Shifeng Xiong

Sequential Design and Analysis of High-Accuracy and Low-Accuracy Computer Codes

A growing trend in engineering and science is to use multiple computer codes with different levels of accuracy to study the same complex system. We propose a framework for sequential design and analysis of a pair of high-accuracy and low-accuracy computer codes. It first runs the two codes with a pair of nested Latin hypercube designs (NLHDs). Data from the initial experiment are used to fit a prediction model. If the accuracy of the fitted model is less than a prespecified threshold, the two codes are evaluated again with input values chosen in an elaborate fashion so that their expanded scenario sets still form a pair of NLHDs. The nested relationship between the two scenario sets makes it easier to model and calibrate the difference between the two sources. If necessary, this augmentation process can be repeated a number of times until the prediction model based on all available data has reasonable accuracy. The effectiveness of the proposed method is illustrated with several examples. Matlab codes are provided in the online supplement to this article.

Some Notes on the Nonnegative Garrote

Some notes on the use of the nonnegative garrote (NG) are given in this article. The main result is that, compared with other penalized least-squares methods, the NG has a natural selection of penalty function according to an estimator of prediction risk. Furthermore, two natural estimators of the tuning parameter which only involve very simple computations are proposed corresponding to the Akaike information criterion (AIC) and Bayesian information criterion (BIC), respectively. This indicates that to select tuning parameters, it may be unnecessary to optimize a model selection criterion repeatedly. Several reasonable NG estimators with natural tuning parameters are proposed for multicollinearity problems and other problems. Simulation results and a real data analysis are reported for testing the results obtained previously.

GENERALIZED CONFIDENCE REGIONS OF FIXED EFFECTS IN THE TWO-WAY ANOVA

The authors discuss the unbalanced two-way ANOVA model under heteroscedasticity. By taking the generalized approach, the authors derive the generalized p-values for testing the equality of fixed effects and the generalized confidence regions for these effects. The authors also provide their frequentist properties in large-sample cases. Simulation studies show that the generalized confidence regions have good coverage probabilities.

Simultaneous confidence intervals for one-way layout based on generalized pivotal quantities

In this paper, we consider simultaneous confidence intervals for all-pairwise comparisons of treatment means in a one-way layout under heteroscedasticity. Two kinds of simultaneous intervals are provided based on the fiducial generalized pivotal quantities of the interest parameters. We prove that they both have asymptotically correct coverage. Simulation results and an example are also reported. It is concluded from calculational evidence that the second kind of simultaneous confidence intervals, which we provide, performs better than existing methods.

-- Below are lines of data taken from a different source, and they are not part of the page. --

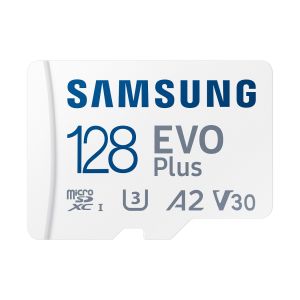 Samsung EVO Plus/micro SDXC/128GB/UHS-I U3 / Adapter razreda 10/+/bela MB-MC128SA/EU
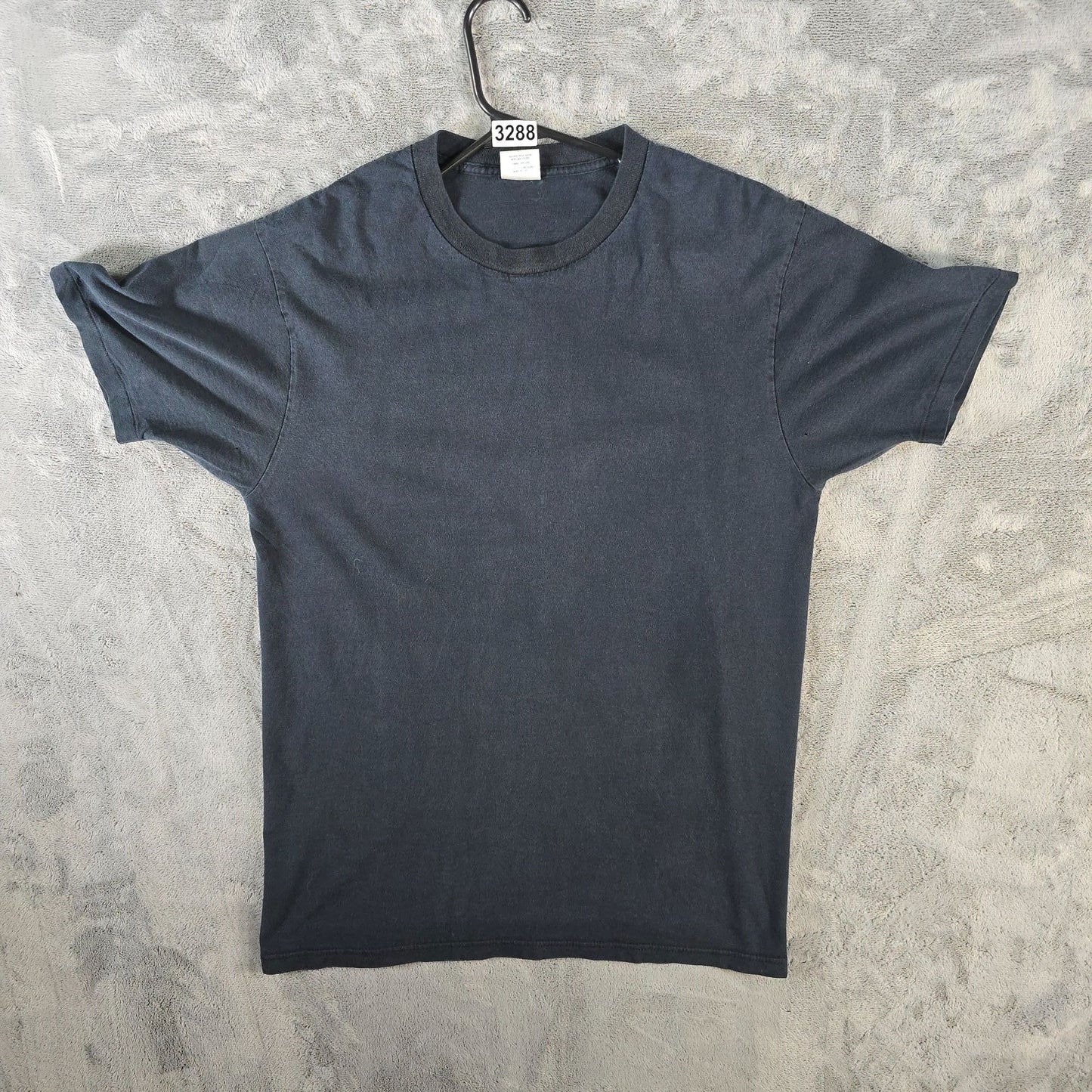 Vintage 1990s Newton Trading Co. Made in Canada Blank Black T-Shirt (M/L)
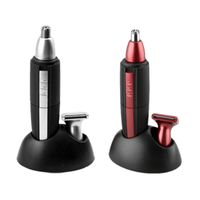 Wholesale Battery Operated Hair Clipper Cutting Nose Ear Hair Trimmer Washable Beard Hair Shaver Face Care DeviEyebrows Shaper shaping clip razor dece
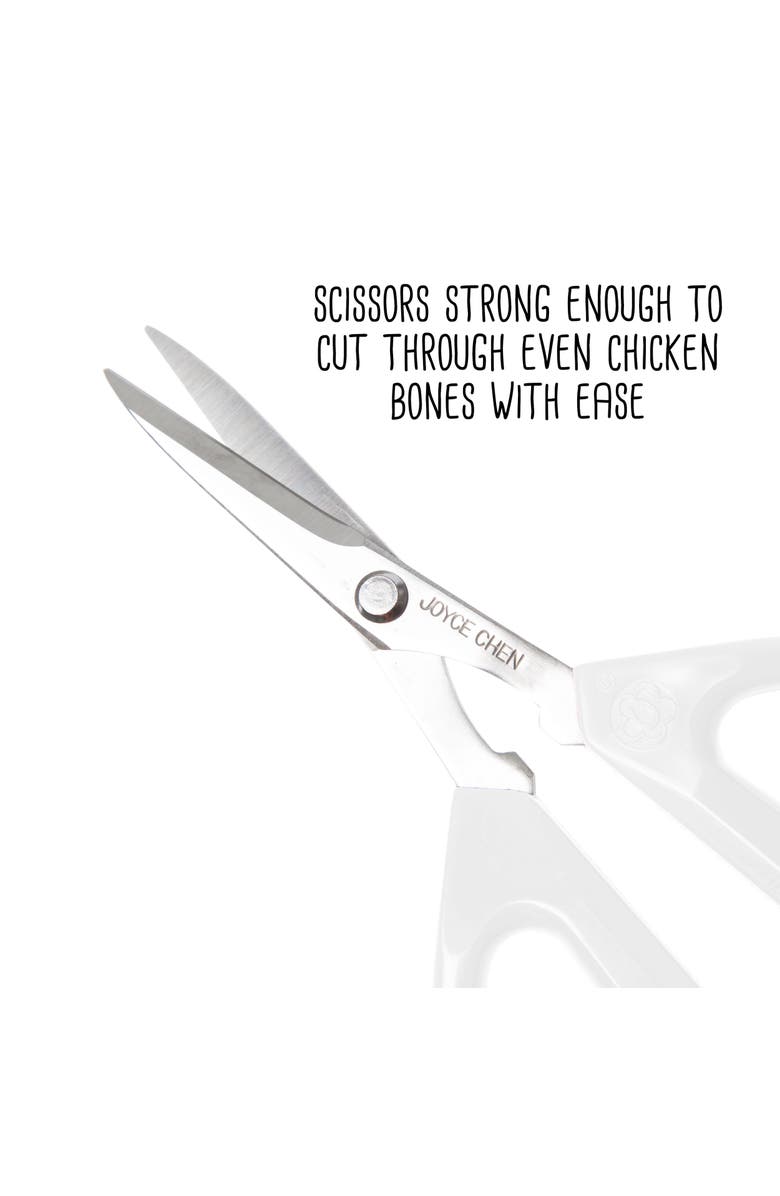 JOYCE CHEN Original Unlimited Kitchen Scissors, Alternate, color, White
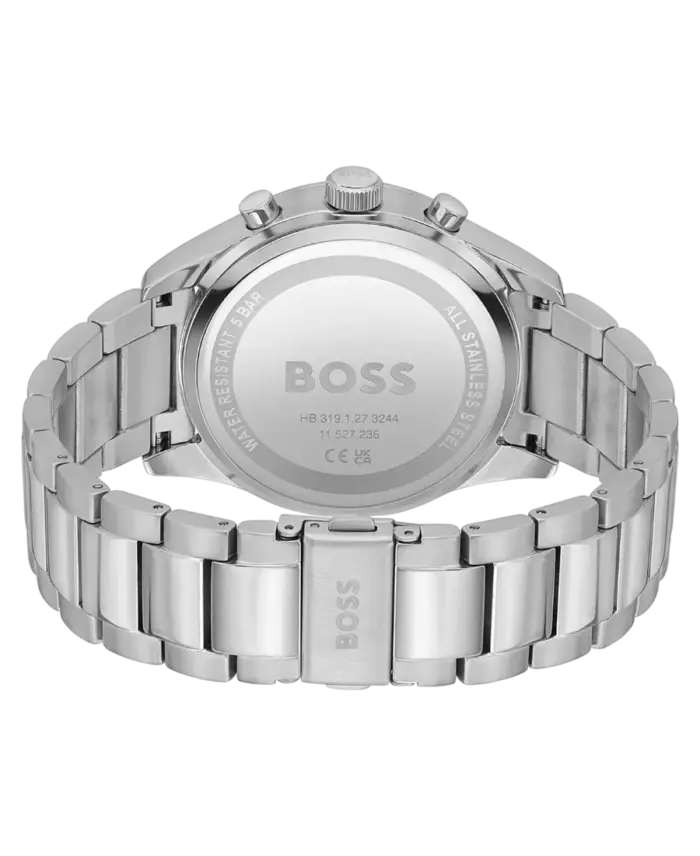 Hugo Boss View Kvarts Svart/Stål 44 mm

Generalized Inference for a Class of Linear Models Under Heteroscedasticity

In this article we study inferences for a class of linear models under heteroscedasticity. Using the generalized inference approach, we obtain the generalized p-values of two-sided hypotheses for the multi-dimensional location parameters and one-sided hypotheses for the scale parameters, respectively. Some frequentist properties in small-sample cases and large-sample cases are proven.

An asymptotics look at the generalized inference

This paper provides an asymptotics look at the generalized inference through showing connections between the generalized inference and two widely used asymptotic methods, the bootstrap and plug-in method. A generalized bootstrap method and a generalized plug-in method are introduced. The generalized bootstrap method can not only be used to prove asymptotic frequentist properties of existing generalized confidence regions through viewing fiducial generalized pivotal quantities as generalized bootstrap variables, but also yield new confidence regions for the situations where the generalized inference is unavailable. Some examples are presented to illustrate the method. In addition, the generalized F-test (Weerahandi, 1995 [26]) can be derived by the generalized plug-in method, then its asymptotic validity is obtained.

Nonparametric Interval Estimation in One-Way Random-Effects Models

The structural method provided by Hannig et al. (2006) has proved to be a useful tool for constructing confidence intervals. However, it is difficult to apply this method to nonparametric problems since the pivotal quantity required in using it exists only in some special parametric models. Based on an extended structural method, this article discusses nonparametric interval estimation for smooth functions of the variances in one-way random-effects models. We use the bootstrap distribution estimator of a statistic to construct an approximate pivotal equation, and prove that the confidence interval derived by the approximate pivotal equation has asymptotically correct coverage probability. Simulation results are presented and show that the normal fiducial interval is not robust against non normality and that the proposed confidence interval has better finite-sample behaviors than the naive interval based on normal approximation.

Orthogonalizing EM: A design-based least squares algorithm.

We introduce an efficient iterative algorithm, intended for various least squares problems, based on a design of experiments perspective. The algorithm, called orthogonalizing EM (OEM), works for ordinary least squares (OLS) and can be easily extended to penalized least squares. The main idea of the procedure is to orthogonalize a design matrix by adding new rows and then solve the original problem by embedding the augmented design in a missing data framework. We establish several attractive theoretical properties concerning OEM. For the OLS with a singular regression matrix, an OEM sequence converges to the Moore-Penrose generalized inverse-based least squares estimator. For ordinary and penalized least squares with various penalties, it converges to a point having grouping coherence for fully aliased regression matrices. Convergence and the convergence rate of the algorithm are examined. Finally, we demonstrate that OEM is highly efficient for large-scale least squares and penalized least squares problems, and is considerably faster than competing methods when n is much larger than p. Supplementary materials for this article are available online.

Local optimization-based statistical inference

This paper introduces a local optimization-based approach to test statistical hypotheses and to construct confidence intervals. This approach can be viewed as an extension of bootstrap, and yields asymptotically valid tests and confidence intervals as long as there exist consistent estimators of unknown parameters. We present simple algorithms including a neighborhood bootstrap method to implement the approach. Several examples in which theoretical analysis is not easy are presented to show the effectiveness of the proposed approach.

Inference on System Reliability for Independent Series Components

In this article, we study inferences for reliability functions of the system having two components connected in series. Suppose that the lifetime of one component has a lognormal distribution. Lognormal, exponential, and weibull distributions are considered for the lifetime of the other component. Using the generalized inference approach, we obtain confidence intervals of our interested parameters with good coverage. Some frequentist properties in small-sample cases and large-sample cases are proved.